───── DATA ─────

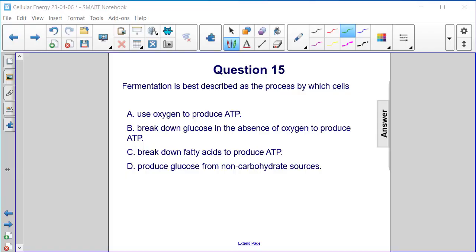Fermentation is best described as the process by which cells: A) use oxygen to produce ATP, B) break down glucose in the absence of oxygen to produce ATP, C) break down fatty acids to produce ATP, or D) produce glucose from non-carbohydrate sources. Fermentation is the breakdown of glucose in the absence of oxygen to produce ATP — B.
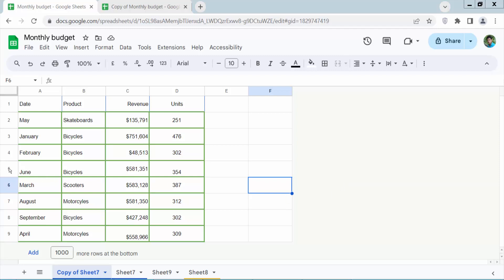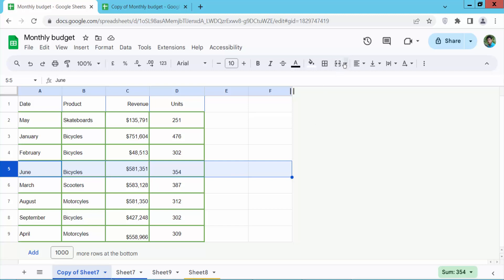Now click on this sheet, draw a serial number and select a row. Now here we will find this merge option. Select merge cells. You can merge horizontally and select merge cells.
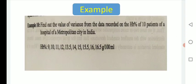Let's check this concept with an example. Find the value of variance from data recorded on HB percent of 10 patients of a hospital in a metropolitan city in India. The HB percentage readings are: 9, 10, 11, 12, 13.5, 14, 15, 15.5, 16, 16.5 grams per ml. This problem comes under variance for a series of individual observations.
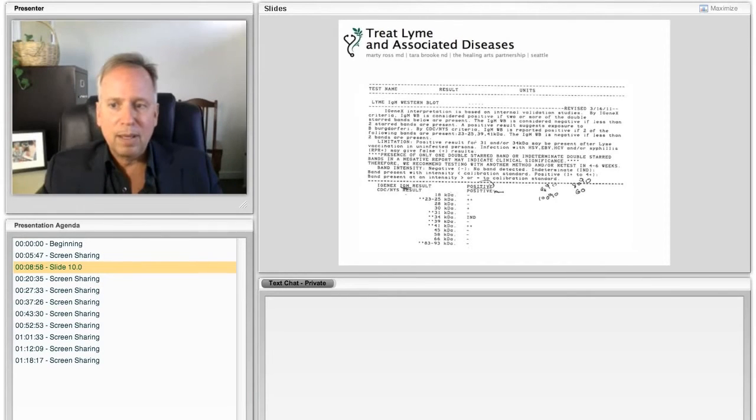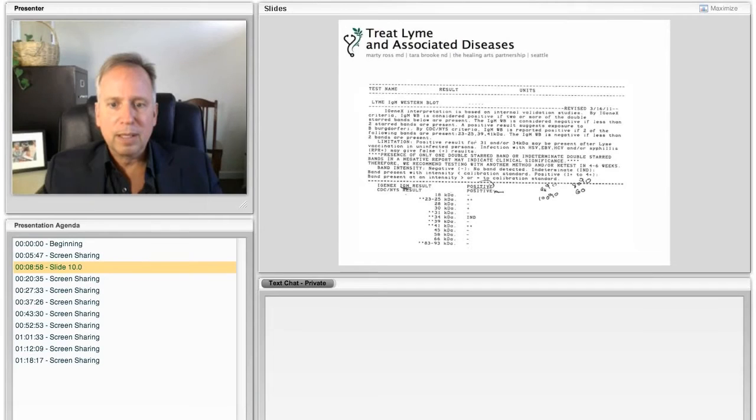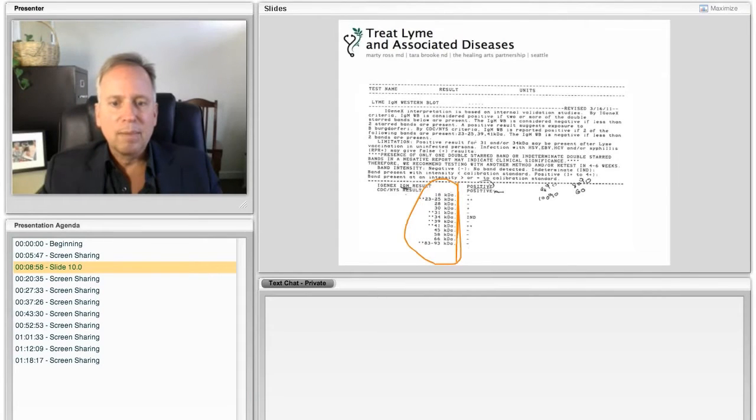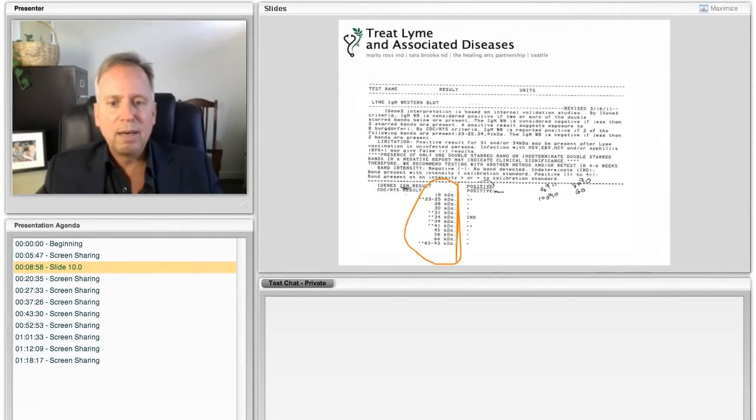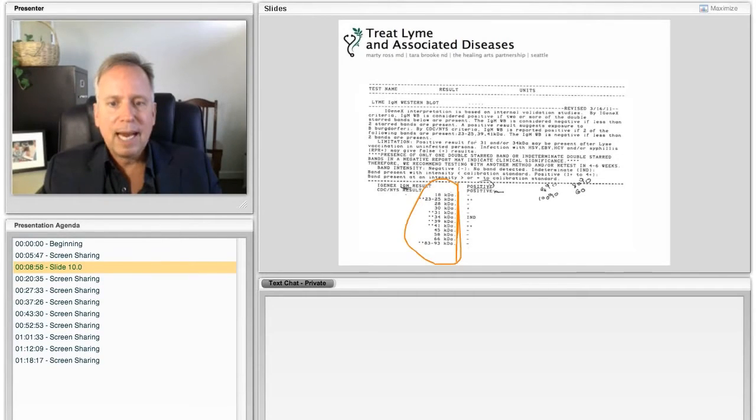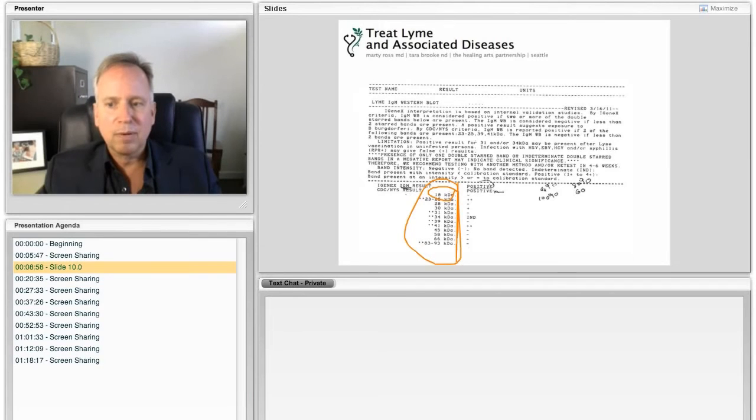So now the second part that I want to show you here is how you interpret this. So I'm drawing a line down the middle here. This side over here, you see all these numbers. What these numbers are, these are the weights of proteins that are found on the covering of the Lyme germ. So there is a protein that weighs 18 kilodaltons. That's what that stands for right there. A kilodalton.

─────

§ **TASK TO COMPLETE**
Omit the pictures, then set down all the remaining data exactly as given.

§ **EXPECTED ANSWER**
Fermentation is best described as the process by which cells: A) use oxygen to produce ATP, B) break down glucose in the absence of oxygen to produce ATP, C) break down fatty acids to produce ATP, or D) produce glucose from non-carbohydrate sources. Fermentation is the breakdown of glucose in the absence of oxygen to produce ATP — B.
Now click on this sheet, draw a serial number and select a row. Now here we will find this merge option. Select merge cells. You can merge horizontally and select merge cells.
Let's check this concept with an example. Find the value of variance from data recorded on HB percent of 10 patients of a hospital in a metropolitan city in India. The HB percentage readings are: 9, 10, 11, 12, 13.5, 14, 15, 15.5, 16, 16.5 grams per ml. This problem comes under variance for a series of individual observations.
So now the second part that I want to show you here is how you interpret this. So I'm drawing a line down the middle here. This side over here, you see all these numbers. What these numbers are, these are the weights of proteins that are found on the covering of the Lyme germ. So there is a protein that weighs 18 kilodaltons. That's what that stands for right there. A kilodalton.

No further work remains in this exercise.